Adopting best practices and properly understanding and managing life in soil is a long-term investment and the essence for maintaining soil health. We must focus on maintaining and restoring our soils, finding solutions to meeting environmental targets, achieve climate neutrality, zero pollution, sustainable food provision and a resilient and biodiverse environment. Many of the UN Sustainable Development Goals cannot be achieved without healthy soils, sustainable land use and strong policy. Healthy soil supports biodiversity: biodiverse soils can host millions of organisms in each teaspoon. Sustaining life in soil is essential to ensure soil health, which supports our ability to grow food and farm effectively. When managed well, soil can store significant amounts of rainfall, preventing flooding and stop soil washing away, which can affect the health and safety of communities.
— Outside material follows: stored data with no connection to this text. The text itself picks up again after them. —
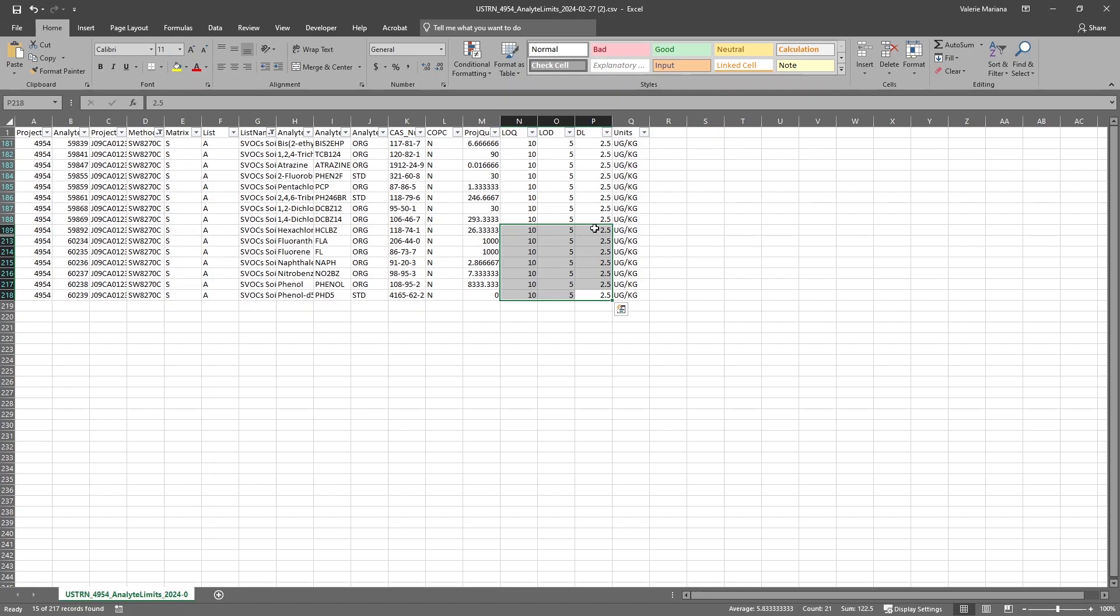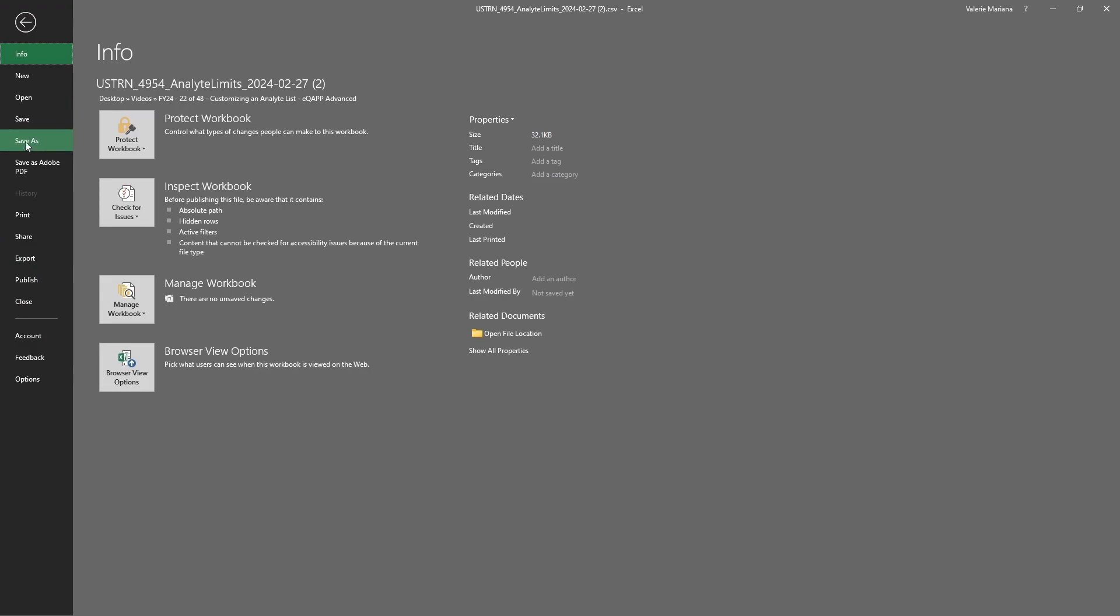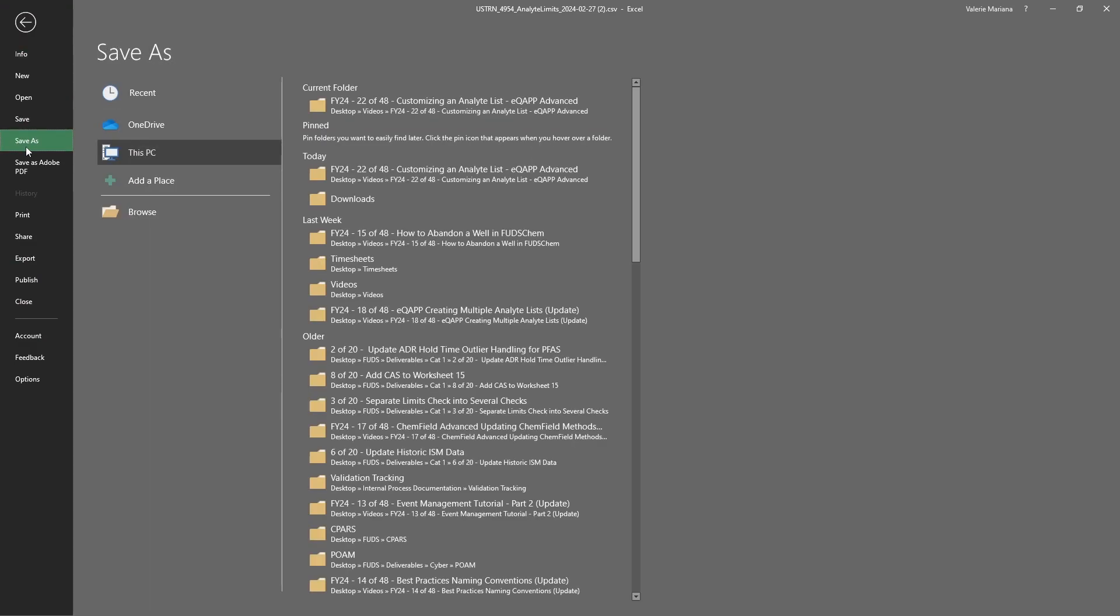Once we've finished editing, we will save the file as a CSV. It is important to save it in this format.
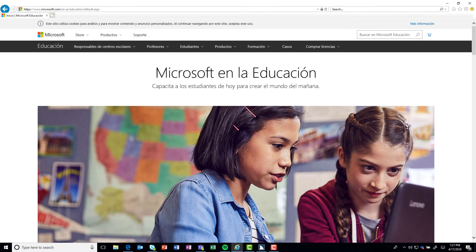When I read through the same page in Spanish, the content is read using a Spanish speech synthesizer.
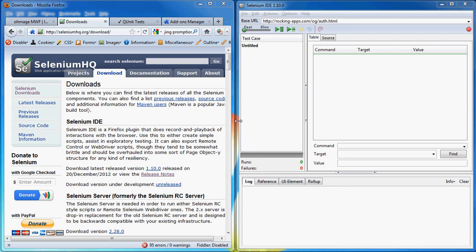Hi guys, so we'll go through some Selenium IDE automated testing of Homage MWF on a Firefox browser.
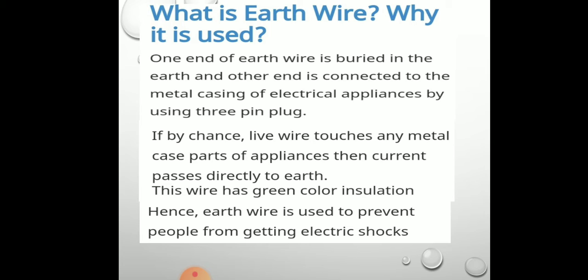What is the earth wire and why is it used? One end of the earth wire is buried in the earth and the other end is connected to the metal casing of the electric appliances by using a 3-pin plug. Devices consuming heavy current use earthing with a 3-pin plug — for example, the refrigerator, washing machine, oven, and geysers all have 3-pin plugs because they require earth connection due to high current.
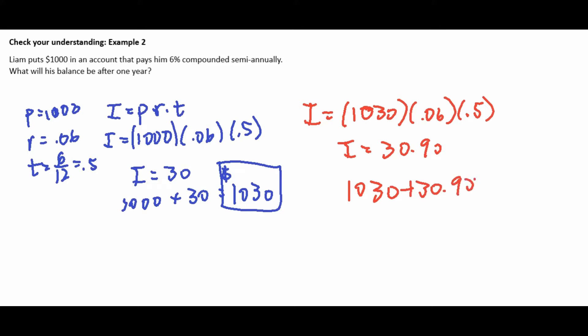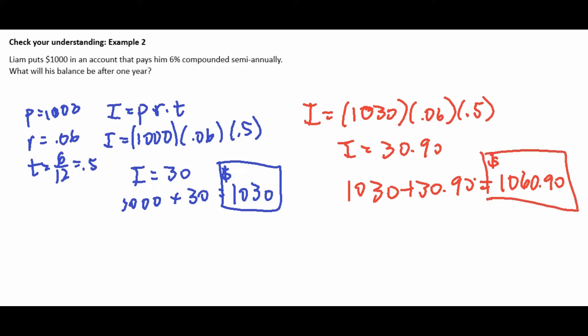Comparing Example 1 and Example 2: Mila earned $60 with annual compounding, while Liam earned $60.90 with semi-annual compounding — a difference of ninety cents. It doesn't seem like a lot, but as you compound more often over a longer period of time, that grows at an exponential rate. This is why the rich get richer — they understand the power of compound interest and the time they use to grow their money.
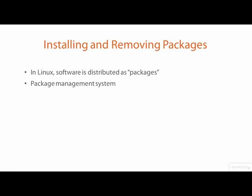The management system I will be demoing is the advanced package tool called APT. APT is actually a collection of tools forming a package management system commonly used on Debian GNU Linux. Although there are many package managers available for Linux, APT is the only one I will be demoing in this course.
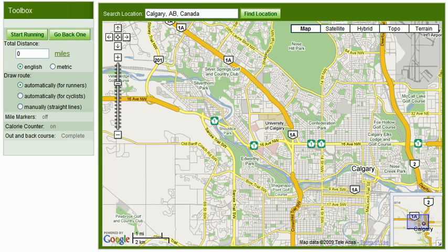Hello, welcome to RunMyRoute.com. This presentation is a quick start overview to creating your first running course.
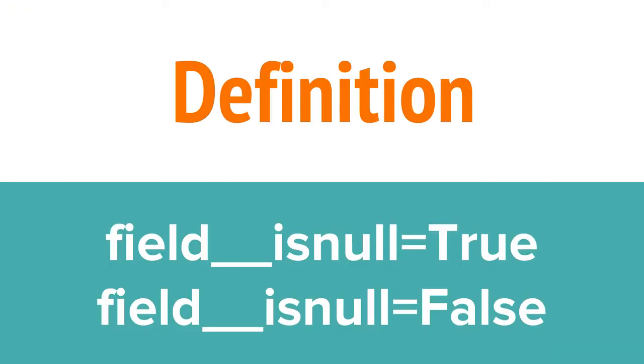The last method I'll show off is isNull. This searches for fields that are either are or aren't null. If you set the value to true, Django will return all objects in the database where that value is null. Setting the value to false does the opposite, returning all values where the value isn't null.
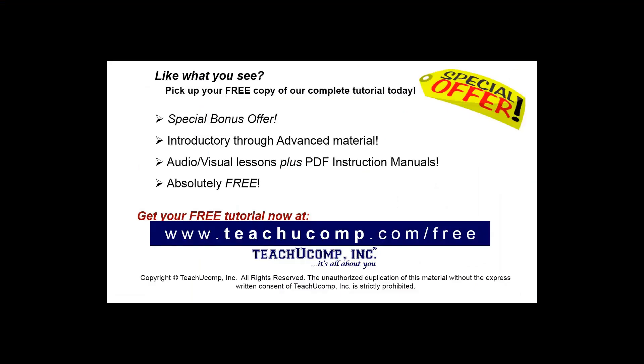Like what you see? Pick up your free copy of the complete tutorial at www.teachyoucomp.com forward slash free.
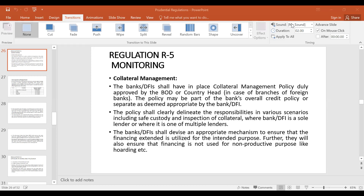There are four categories in which these regulations are available: risk management, anti-money laundering, corporate governance, and operations. Regulations one to five are related to the risk management category.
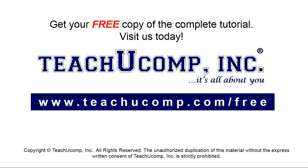Get your free copy of the complete tutorial at www.teachucomp.com/free.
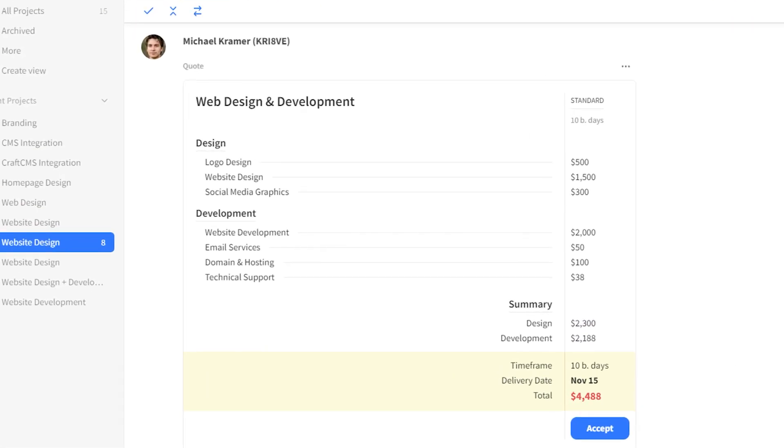Here's your quote. To download it in PDF, go to the more menu and click download PDF.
The British Society of Soil Science is committed to the study of soil in its widest aspects and brings together those working within academia and practitioners implementing soil science in industry, to ensure our soils are sustainably managed.

Through our webinars, courses, conferences and resources, we strive to provide enhanced understanding and engagement with soils. We promote research and education, both academically and in practice, and build collaborative partnerships to help safeguard our soil for the future.

To understand soils, history is one of the key underlying factors to consider, whether it be soil development on geological timescales, environmental forces, or legacies from preceding soil management. The latter is particularly relevant when considering whether contaminants may be present in a soil, and whether these could be a risk to people and livestock. Accounting for historical management is particularly pertinent in places such as the UK where a good proportion of available land stock could be considered to have been altered from their natural state and where space is at a premium. As part of our successful Zoom into Soil webinar series, we welcomed two experts who focused on contaminated land, and in particular on asbestos contamination.  

The speakers provided delegates with an insight into the framework for the management of contaminated land, defining contaminants and the ways in which they may act on activity within a landscape. The benefits of adopting a site-specific risk-based approach were highlighted and analysis was offered of the potential risk contaminants may pose, how they may act upon us, and how they should be appropriately managed on a case-by-case basis using a variety of tools. Narrowing down to focus on asbestos, a general introduction to the regulatory framework and licensing conditions necessary to work with asbestos was discussed and the necessary controls outlined. Both speakers also suggested protocols for the management of asbestos contaminated soils at a site level. For further information on contaminated soils management, and more information on asbestos specifically, this webinar is one to watch!

At the British Society of Soil Science, part of our strategy is to educate and inspire the next generation of soil scientists through knowledge exchange and engagement. We need to come together, create knowledge, share experiences, shape agendas and find workable solutions to conserve our soils. It is time we take a ‘ground up’ approach to protect our most valuable resource, that supports life on Earth; our soil.